Fair -- if you believe that any game featuring Joel Embiid and Ben Simmons representing the Philadelphia 76ers in their respective primes could ever really be meaningless, and if you think that the pursuit of a title is all that really matters for the Sixers the season. But I think Embiid and Simmons playing in the All-Star Game matters this season. Everything matters this season, really. And that's true whether or not they actually win it all.
My heart hurt a little on Sunday to not get to see Ben and Jo out there with various friends and (far more) foes among the NBA's best and brightest. I couldn't stop picturing what we might have been missing: Joel taking LeBron in the post on a key late-game switch; Ben casually poking the ball away from Donovan Mitchell as the latter tried in vain to keep up with the Curry/Lillard razzle dazzle; maybe even Ben pulling up from three over his teammate and the two just dying laughing back the other way down the court as Doc recreated his classic stunned incredulity .gif on the sideline. We could've gotten moments from each that would have continued to define our remembrances of them decades down the line. Instead, we just got LeBron checking out in the third quarter and kicking his feet up as his squad won by a drama-free 20. That’s a huge loss for us as Sixers fans, even if it doesn’t have any effect on the actual standings. It matters.
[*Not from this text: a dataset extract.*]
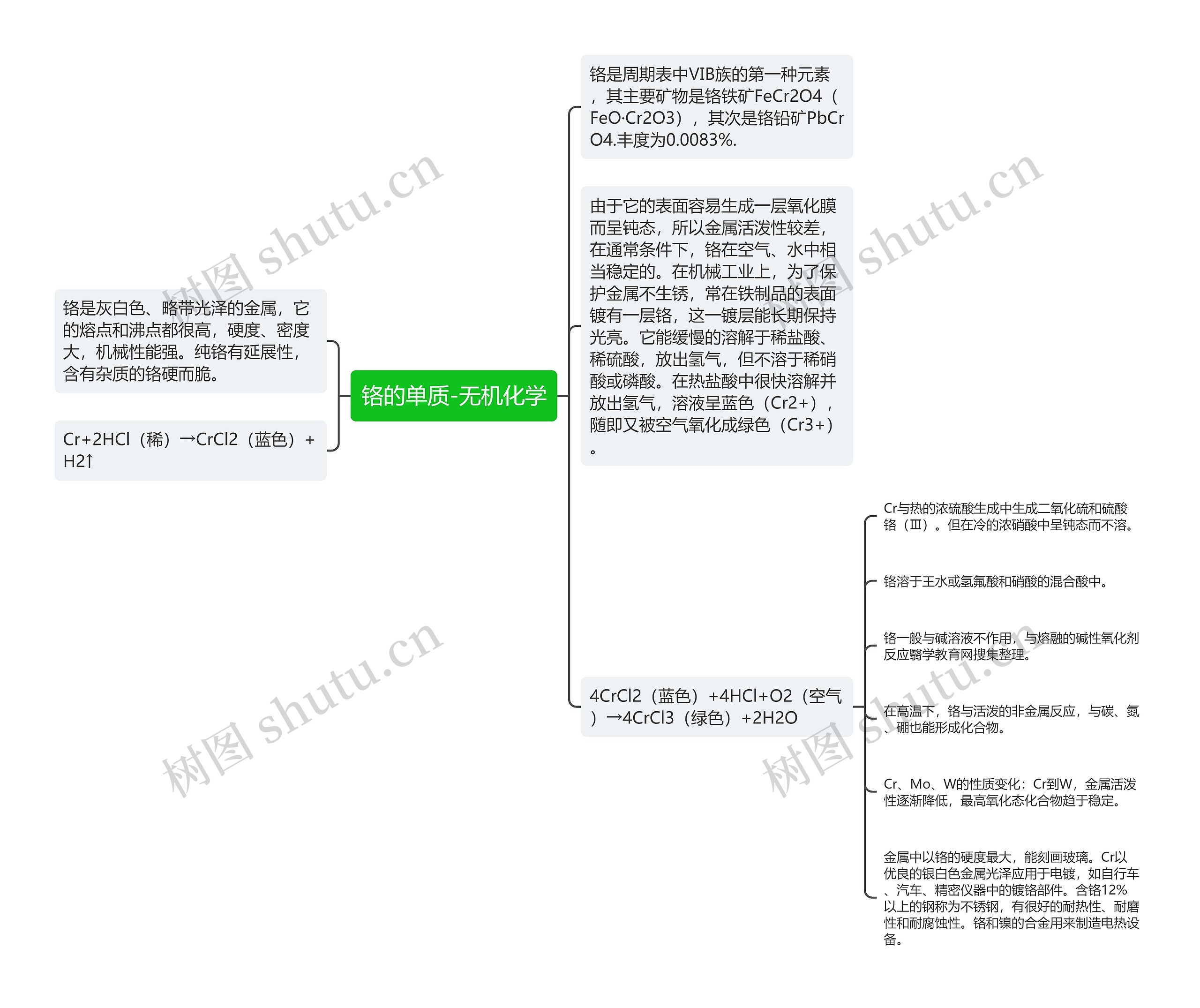 铬的单质-无机化学思维导图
This isn’t unique to this season — everything mattered last season, too, and every season we follow this team, really. But everything particularly matters when you have the two greatest Sixers of the last 15 years together, both at or approaching their peaks, playing as high-level basketball together as any duo in the NBA. Them winning a championship -- and/or getting us the pieces to win us a championship, depending on who you ask -- is the ultimate goal, of course, but it's not the only goal, and I'd argue it's not even the main goal. The main goal, in my opinion, is to get as many indelible, unforgettable memories from out of their greatness, on and off the court, as possible, while they're both here and capable of providing them in high volume. That means playoff success to be sure, but it also means breaking the Utah Jazz in the regular season to the point where they have to cry "Fake News!" about the whole league. It means Embiid disrespecting-not-disrespecting Myles Turner in his post-game interview, and Simmons calling himself the league's best defensive player, then proving it by locking up Luka Doncic. And ideally, it also means Ben and Jo showing and proving in the All-Star Game among the league's elite, punching home the idea that not only do they belong, but that they might be running the whole damn show soon enough.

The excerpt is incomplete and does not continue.